● **EXERCISE BRIEF**:
Print only what runs from the line that includes "The most important" to the end of the listing, word for word, and do not include any pictures.

● **DATA SECTION**:

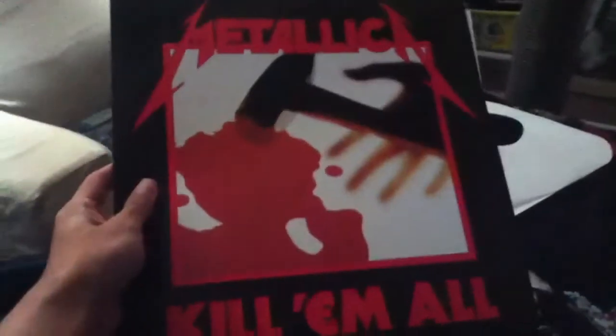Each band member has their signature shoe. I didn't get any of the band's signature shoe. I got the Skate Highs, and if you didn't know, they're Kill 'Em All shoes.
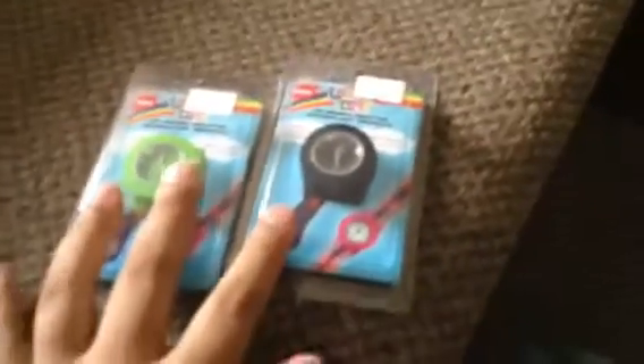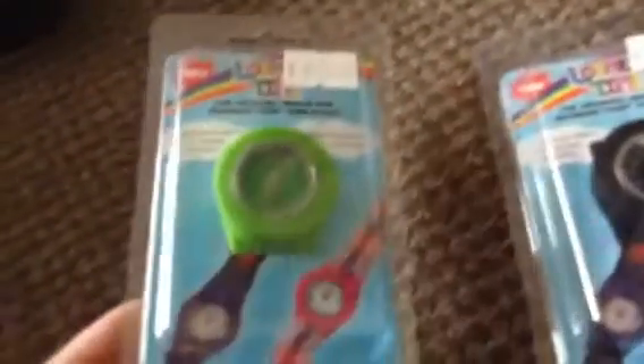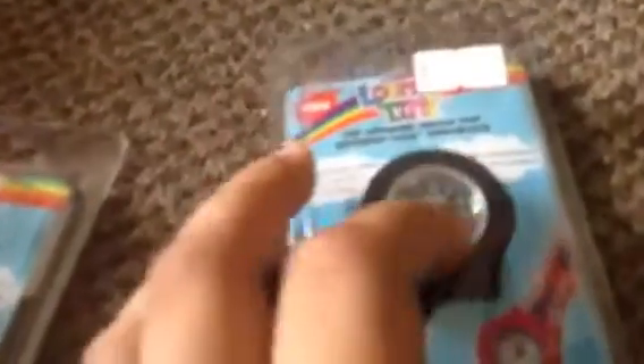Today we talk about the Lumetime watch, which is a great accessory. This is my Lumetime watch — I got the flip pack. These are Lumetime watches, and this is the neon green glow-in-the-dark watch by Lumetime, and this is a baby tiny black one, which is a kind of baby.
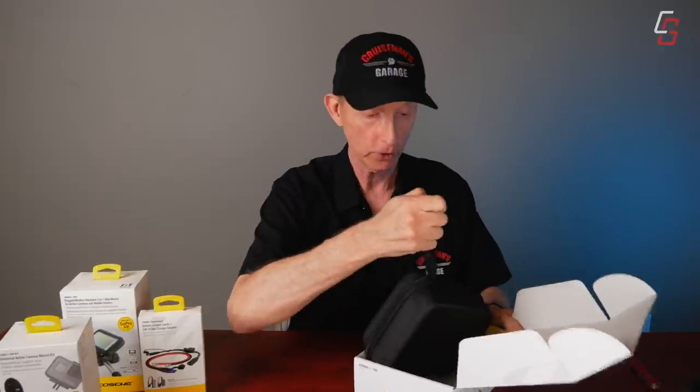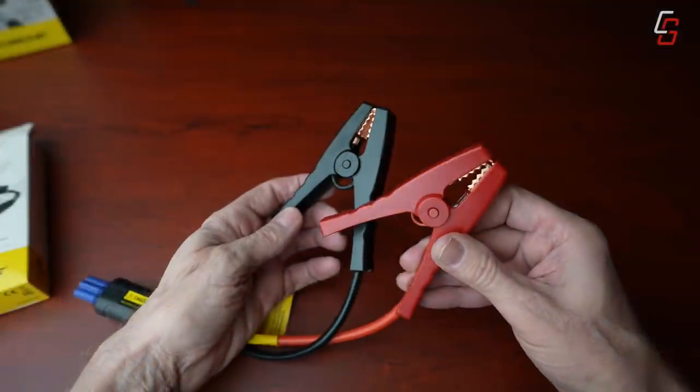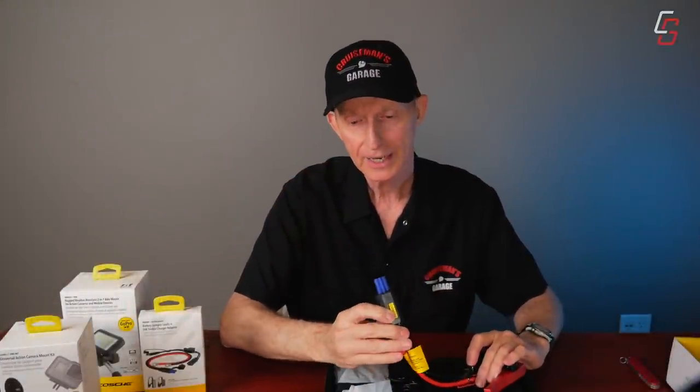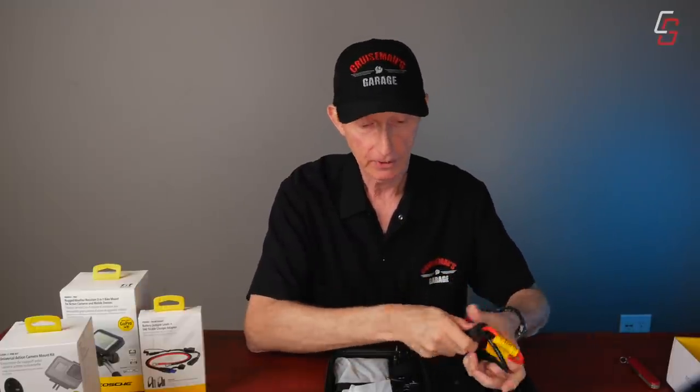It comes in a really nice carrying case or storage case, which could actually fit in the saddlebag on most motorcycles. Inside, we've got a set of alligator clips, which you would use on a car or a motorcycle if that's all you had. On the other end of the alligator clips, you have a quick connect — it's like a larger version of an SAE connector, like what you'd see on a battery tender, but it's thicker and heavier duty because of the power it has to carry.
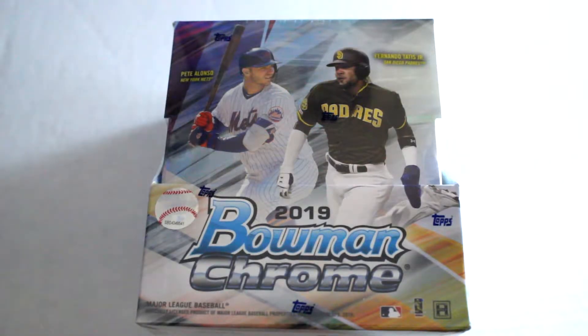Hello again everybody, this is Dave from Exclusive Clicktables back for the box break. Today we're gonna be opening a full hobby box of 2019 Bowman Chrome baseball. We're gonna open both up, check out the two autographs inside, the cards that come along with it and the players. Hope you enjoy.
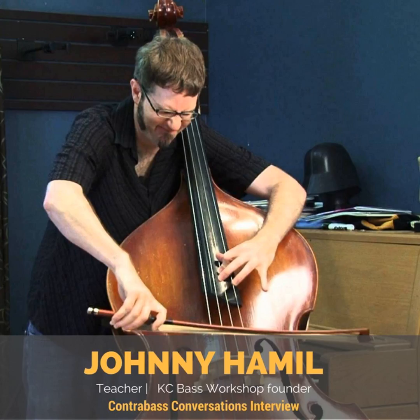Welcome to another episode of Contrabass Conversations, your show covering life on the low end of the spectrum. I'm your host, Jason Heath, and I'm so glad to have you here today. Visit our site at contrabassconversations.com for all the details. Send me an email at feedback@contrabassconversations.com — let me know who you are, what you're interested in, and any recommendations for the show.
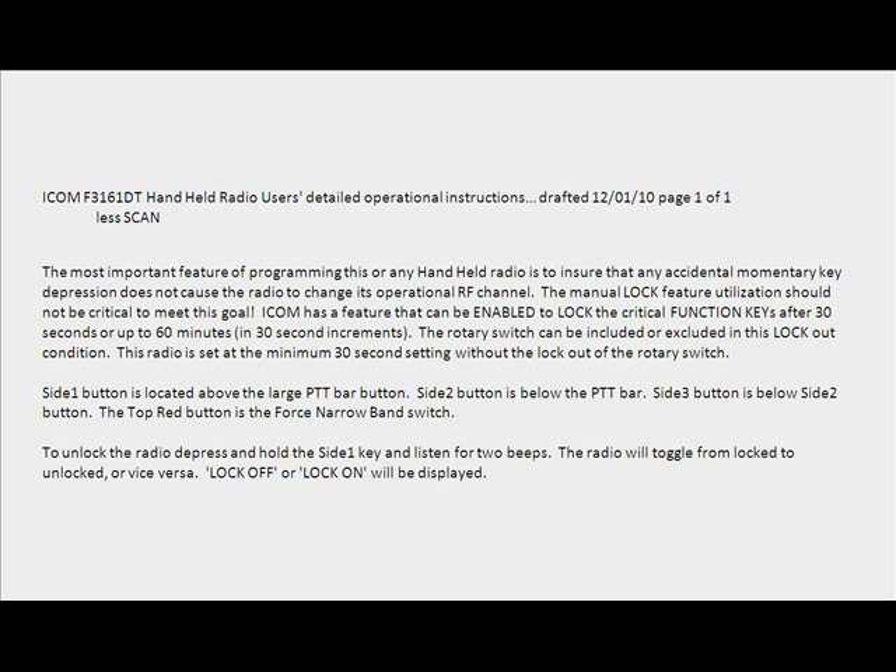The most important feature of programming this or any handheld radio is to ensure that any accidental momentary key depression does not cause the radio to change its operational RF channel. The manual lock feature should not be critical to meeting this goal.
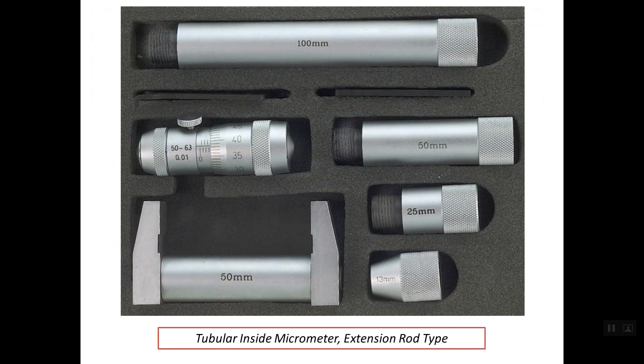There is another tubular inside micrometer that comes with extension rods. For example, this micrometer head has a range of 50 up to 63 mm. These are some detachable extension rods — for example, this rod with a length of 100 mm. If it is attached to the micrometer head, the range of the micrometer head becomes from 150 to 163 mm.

● **RESULT OF THIS TASK**:
The most important feature of programming this or any handheld radio is to ensure that any accidental momentary key depression does not cause the radio to change its operational RF channel. The manual lock feature should not be critical to meeting this goal.
There is another tubular inside micrometer that comes with extension rods. For example, this micrometer head has a range of 50 up to 63 mm. These are some detachable extension rods — for example, this rod with a length of 100 mm. If it is attached to the micrometer head, the range of the micrometer head becomes from 150 to 163 mm.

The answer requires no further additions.